R. Stahl AG

06/21/2021 | News release | Archived content

Laues Lüftchen statt großer Knall

21.06.2021

Revolution im Explosionsschutz

Mit EXpressure revolutionieren wir den Explosionsschutz. Denn die neue Technologie ermöglicht besonders dünnwandige und damit leichtere Schaltschränke, die sich kaum noch von denen im sicheren Industriebereich unterscheiden - dennoch können sie zuverlässig in explosionsgefährdeten Bereichen eingesetzt werden. Für diese Entwicklung bekamen wir gemeinsam mit der Hochschule in Jena den Forschungstransferpreis der IHK Heilbronn Franken. Eine Auszeichnung insbesondere für das Entwicklungsteam (Prof. Dr. Frank Engelmann, Prof. Dr. Thorsten Arnhold, Bernd Limbacher, Jürgen Poidl, Jürgen Schmitt, Otto Walch), welches von der gemeinsamen Arbeit berichtet.

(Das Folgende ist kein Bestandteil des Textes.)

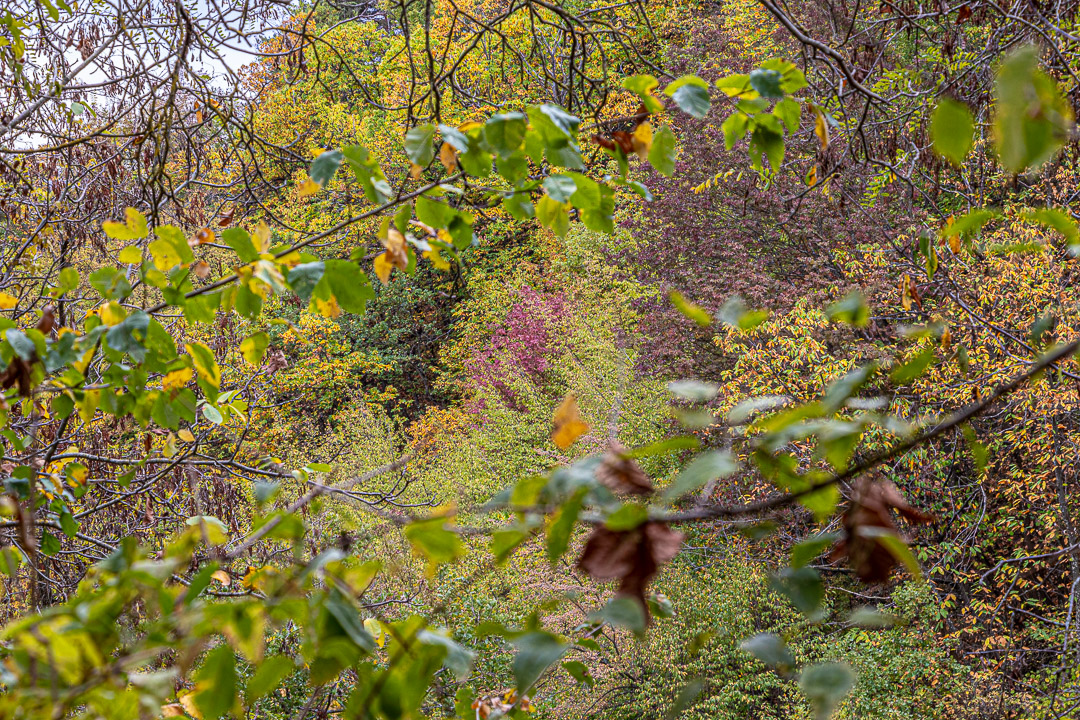 Appenino di Fabrizio Lorenzetti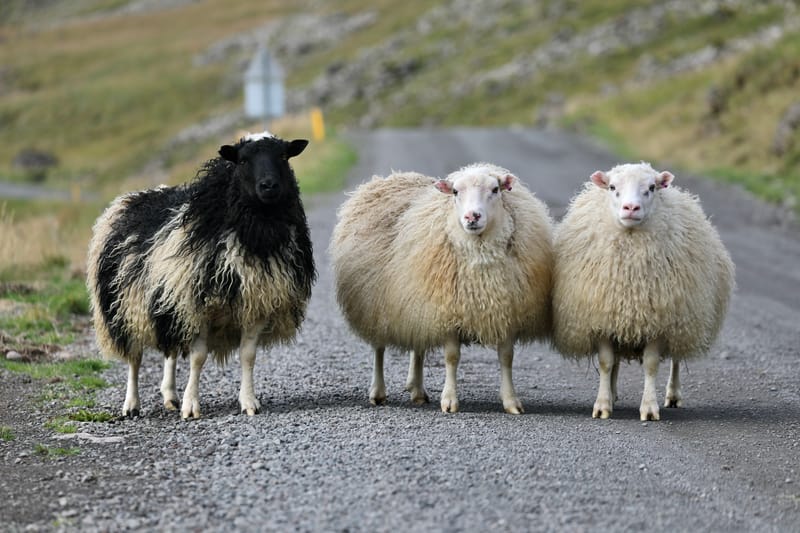3. Fjords de l'Ouest 2 : Falaises de Latrabjarg, plage de Rauôiasandur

Herr Professor Dr. Engelmann, EXpressure wurde gemeinsam mit der Hochschule in Jena entwickelt. Wie kam es zur Zusammenarbeit mit R. STAHL?

Engelmann: Ich habe bereits seit mehr als 15 Jahren Kontakt mit Professor Dr. Arnhold. Dieser Kontakt kam durch gemeinsame Forschungsarbeiten bei der Physikalisch Technischen Bundesanstalt (PTB) zustande. Damals war ich noch Lehrstuhlleiter an der Otto-von-Guericke-Universität in Magdeburg und lud Dr. Arnhold zu Vorträgen über Themen der Sicherheitstechnik ein. Als ich später an die Ernst-Abbe-Hochschule nach Jena ging, haben wir gemeinsam eine Forschungskooperation aufgebaut.

Was war das Ziel der Forschungskooperation bei der Entwicklung von EXpressure?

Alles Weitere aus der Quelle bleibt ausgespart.